What you have to do
Copy exactly the stretch of lines from the one holding "close up of" through the last line of the data below, inclusive. Leave out pictures.

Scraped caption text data
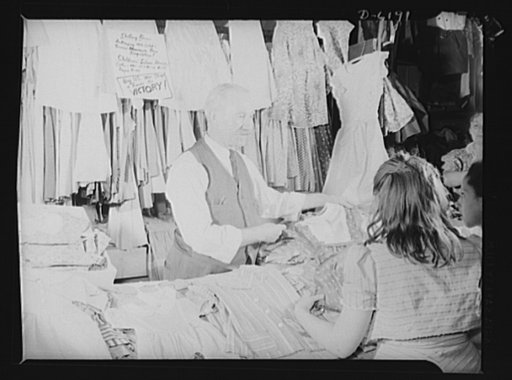Posting ceiling prices in foreign languages. The plea to "Buy United States War Stamps and Bonds for Victory," which completes the ceiling price sign, emphasizes the patriotic spirit shown by O. Schwartz, proprietor of a children's dress stand in one of New York's East Side marketplaces. Mr. Schwart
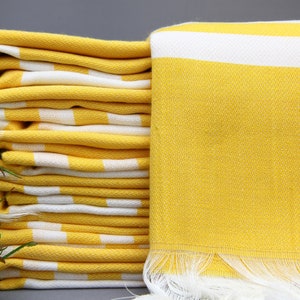 May include: A stack of yellow and white striped towels with a single towel folded in front. The towels have a fringe border.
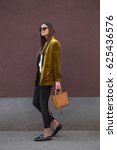 Small photo of perfect spring fashion outfit. european fashion blogger wearing a trendy mustard velvet blazer, black jeans, fishnet stockings and black loafers. holding a stylish handbag.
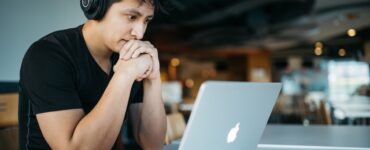 man looking at the laptop screen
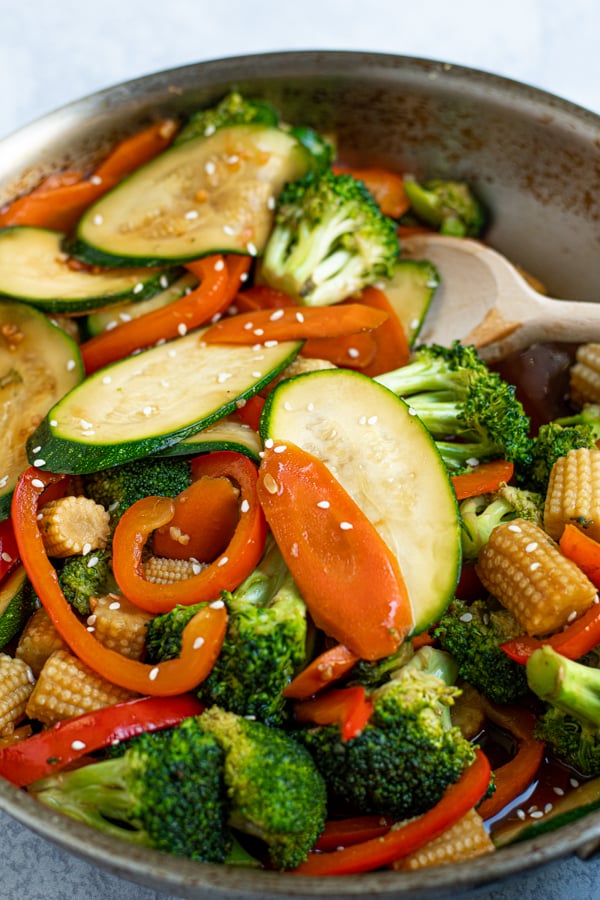 close up of brightly colored stir fry vegetables in a skillet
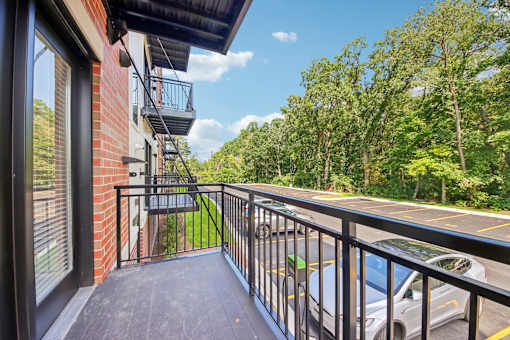 A balcony with a black railing and a view of a parking lot and trees.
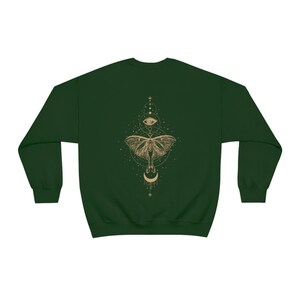 Puede incluir: Una sudadera verde oscuro con un dise&ntilde;o dorado de una polilla con una luna creciente y un ojo en un c&iacute;rculo en la espalda.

Response to this exercise
 close up of brightly colored stir fry vegetables in a skillet
 A balcony with a black railing and a view of a parking lot and trees.
 Puede incluir: Una sudadera verde oscuro con un dise&ntilde;o dorado de una polilla con una luna creciente y un ojo en un c&iacute;rculo en la espalda.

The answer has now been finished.